# how do I teach my 9 month old male GSD to come?



## marionwheaton (Mar 23, 2010)

My 9 month old male GSD has taken a big step back in basic obedience. He has lost his recall. I keep him on a flexi or long line unless we are in an enclosed area. Clicker training treats toys not much is working. Anyone have any suggestions?:help:


----------



## sagelfn (Aug 13, 2009)

he is most likely in that teenage butt head phase.

I would stop using the flexi leash, it doesn't give you control over him. Not sure how you taught recall the first time but I would have him on a long line, with a high value treat call him back to you. Don't give the command if you can't enforce it..reason for him being on long line. Keep things fun for him.

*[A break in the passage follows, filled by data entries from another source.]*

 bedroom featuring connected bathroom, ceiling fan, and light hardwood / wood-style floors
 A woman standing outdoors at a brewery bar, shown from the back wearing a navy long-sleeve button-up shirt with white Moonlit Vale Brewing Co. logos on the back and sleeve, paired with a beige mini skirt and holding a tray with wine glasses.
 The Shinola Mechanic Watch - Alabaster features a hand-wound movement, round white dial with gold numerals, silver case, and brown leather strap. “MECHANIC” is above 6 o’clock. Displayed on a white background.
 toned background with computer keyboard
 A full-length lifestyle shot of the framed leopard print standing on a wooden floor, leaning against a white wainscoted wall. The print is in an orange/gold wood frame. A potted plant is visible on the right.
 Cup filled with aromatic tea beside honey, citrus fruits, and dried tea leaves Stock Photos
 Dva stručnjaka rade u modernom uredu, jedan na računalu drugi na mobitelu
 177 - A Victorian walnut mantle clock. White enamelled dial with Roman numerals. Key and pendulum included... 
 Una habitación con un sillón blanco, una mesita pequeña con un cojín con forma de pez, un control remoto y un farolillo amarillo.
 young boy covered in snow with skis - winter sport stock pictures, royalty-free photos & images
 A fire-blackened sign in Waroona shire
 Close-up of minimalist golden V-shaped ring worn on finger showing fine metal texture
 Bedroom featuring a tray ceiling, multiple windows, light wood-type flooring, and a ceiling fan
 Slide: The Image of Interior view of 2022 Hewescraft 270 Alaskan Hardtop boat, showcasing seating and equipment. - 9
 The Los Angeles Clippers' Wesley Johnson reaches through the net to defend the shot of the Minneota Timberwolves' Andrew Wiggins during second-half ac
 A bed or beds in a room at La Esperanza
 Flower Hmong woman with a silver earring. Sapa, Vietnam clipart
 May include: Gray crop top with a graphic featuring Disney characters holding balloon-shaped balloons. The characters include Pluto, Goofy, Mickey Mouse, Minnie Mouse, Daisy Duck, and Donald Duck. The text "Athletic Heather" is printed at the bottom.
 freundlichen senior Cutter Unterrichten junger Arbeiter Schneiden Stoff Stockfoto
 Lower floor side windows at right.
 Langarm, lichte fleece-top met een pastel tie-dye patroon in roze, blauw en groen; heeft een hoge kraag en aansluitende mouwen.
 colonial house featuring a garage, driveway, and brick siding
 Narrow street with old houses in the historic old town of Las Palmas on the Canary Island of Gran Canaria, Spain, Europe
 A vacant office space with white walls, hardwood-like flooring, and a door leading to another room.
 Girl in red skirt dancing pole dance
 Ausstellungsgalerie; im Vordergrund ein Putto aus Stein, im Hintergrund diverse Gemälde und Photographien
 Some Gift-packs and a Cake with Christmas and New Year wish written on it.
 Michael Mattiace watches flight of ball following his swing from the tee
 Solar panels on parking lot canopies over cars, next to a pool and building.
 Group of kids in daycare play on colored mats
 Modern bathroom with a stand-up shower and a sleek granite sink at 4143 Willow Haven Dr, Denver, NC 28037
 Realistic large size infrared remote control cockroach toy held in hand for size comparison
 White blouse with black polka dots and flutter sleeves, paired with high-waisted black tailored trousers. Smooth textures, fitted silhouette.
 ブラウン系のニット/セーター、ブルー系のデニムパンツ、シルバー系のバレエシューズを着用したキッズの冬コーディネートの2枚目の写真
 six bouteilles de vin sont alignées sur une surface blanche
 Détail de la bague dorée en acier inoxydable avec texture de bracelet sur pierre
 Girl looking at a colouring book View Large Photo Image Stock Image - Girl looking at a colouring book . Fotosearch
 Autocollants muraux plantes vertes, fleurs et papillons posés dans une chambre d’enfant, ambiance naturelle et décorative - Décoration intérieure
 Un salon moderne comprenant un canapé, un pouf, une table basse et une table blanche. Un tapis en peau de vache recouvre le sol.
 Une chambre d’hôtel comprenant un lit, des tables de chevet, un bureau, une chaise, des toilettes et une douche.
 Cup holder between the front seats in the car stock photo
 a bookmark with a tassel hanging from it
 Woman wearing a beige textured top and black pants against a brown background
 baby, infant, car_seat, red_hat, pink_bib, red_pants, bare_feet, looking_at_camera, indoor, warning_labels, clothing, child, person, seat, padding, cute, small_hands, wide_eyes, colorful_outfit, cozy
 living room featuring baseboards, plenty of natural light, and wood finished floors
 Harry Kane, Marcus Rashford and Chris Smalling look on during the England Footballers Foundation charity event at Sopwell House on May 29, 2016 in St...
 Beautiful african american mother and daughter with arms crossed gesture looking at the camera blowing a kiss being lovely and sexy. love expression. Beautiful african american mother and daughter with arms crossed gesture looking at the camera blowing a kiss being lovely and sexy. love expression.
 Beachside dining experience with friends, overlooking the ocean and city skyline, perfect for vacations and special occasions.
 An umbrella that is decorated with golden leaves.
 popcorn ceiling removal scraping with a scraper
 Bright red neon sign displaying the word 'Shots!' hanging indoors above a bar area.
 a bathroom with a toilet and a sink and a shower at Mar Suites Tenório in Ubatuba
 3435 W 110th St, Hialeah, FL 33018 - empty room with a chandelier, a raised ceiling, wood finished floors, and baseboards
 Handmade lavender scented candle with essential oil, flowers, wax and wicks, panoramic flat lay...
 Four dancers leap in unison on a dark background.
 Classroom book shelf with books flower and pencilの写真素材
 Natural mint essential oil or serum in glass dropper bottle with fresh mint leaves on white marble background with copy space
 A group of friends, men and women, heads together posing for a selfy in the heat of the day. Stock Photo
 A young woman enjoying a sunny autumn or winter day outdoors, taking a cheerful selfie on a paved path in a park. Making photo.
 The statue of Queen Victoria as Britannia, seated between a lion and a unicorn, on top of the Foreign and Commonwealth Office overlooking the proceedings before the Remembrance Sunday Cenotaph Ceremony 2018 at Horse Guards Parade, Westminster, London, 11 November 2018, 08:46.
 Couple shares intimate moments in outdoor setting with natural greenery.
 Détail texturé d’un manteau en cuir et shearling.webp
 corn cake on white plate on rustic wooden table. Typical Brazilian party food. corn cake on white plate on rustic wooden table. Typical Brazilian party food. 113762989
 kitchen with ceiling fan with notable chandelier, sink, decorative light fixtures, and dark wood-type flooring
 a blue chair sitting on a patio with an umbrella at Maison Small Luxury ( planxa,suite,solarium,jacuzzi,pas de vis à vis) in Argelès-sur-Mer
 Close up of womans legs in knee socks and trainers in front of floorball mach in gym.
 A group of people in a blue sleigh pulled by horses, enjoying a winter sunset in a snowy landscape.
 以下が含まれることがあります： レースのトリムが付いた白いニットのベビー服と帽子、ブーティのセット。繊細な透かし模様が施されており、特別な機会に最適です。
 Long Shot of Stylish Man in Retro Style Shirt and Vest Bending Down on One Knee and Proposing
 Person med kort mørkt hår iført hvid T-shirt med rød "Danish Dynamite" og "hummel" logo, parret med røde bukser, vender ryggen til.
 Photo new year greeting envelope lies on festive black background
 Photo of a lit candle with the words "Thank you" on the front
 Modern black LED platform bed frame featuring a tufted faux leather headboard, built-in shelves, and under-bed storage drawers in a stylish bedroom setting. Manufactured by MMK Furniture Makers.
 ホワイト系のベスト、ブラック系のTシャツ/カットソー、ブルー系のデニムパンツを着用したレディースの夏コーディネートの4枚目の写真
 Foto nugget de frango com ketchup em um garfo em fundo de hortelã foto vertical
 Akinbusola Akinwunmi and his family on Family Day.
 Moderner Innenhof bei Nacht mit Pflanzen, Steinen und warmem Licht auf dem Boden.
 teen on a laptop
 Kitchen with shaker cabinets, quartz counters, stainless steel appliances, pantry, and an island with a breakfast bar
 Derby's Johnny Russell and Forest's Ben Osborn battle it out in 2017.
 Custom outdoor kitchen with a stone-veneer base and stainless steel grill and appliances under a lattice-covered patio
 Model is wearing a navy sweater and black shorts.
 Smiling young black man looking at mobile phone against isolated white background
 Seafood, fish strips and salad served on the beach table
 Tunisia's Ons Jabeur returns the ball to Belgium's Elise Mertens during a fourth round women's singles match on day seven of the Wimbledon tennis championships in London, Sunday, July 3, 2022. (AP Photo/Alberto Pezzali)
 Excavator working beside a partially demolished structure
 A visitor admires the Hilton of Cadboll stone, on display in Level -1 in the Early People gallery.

Call him to you treat and then more play, not call him to you treat and then go inside.


----------



## MaggieRoseLee (Aug 17, 2001)

marionwheaton said:


> My 9 month old male GSD has taken a big step back in basic obedience. He has lost his recall. I keep him on a flexi or long line unless we are in an enclosed area. Clicker training treats toys not much is working. Anyone have any suggestions?:help:


Think most of us start having problems with our perfect puppies at that age.

Why the BEST thing it to start up with puppy/obedience classes. REally great to be in a safe environment, with built in distractions, while we (not the dogs, we are the problem  ) learn the necessary skills to then teach our dogs what they need to know.

Best and fastest way to get this normal issue nipped in the bud (and continue with necessary socialization) is to sign up and attend dog classes for the next 6 months or so. Nice to be able to practice during the nice spring/summer/fall weather too!


----------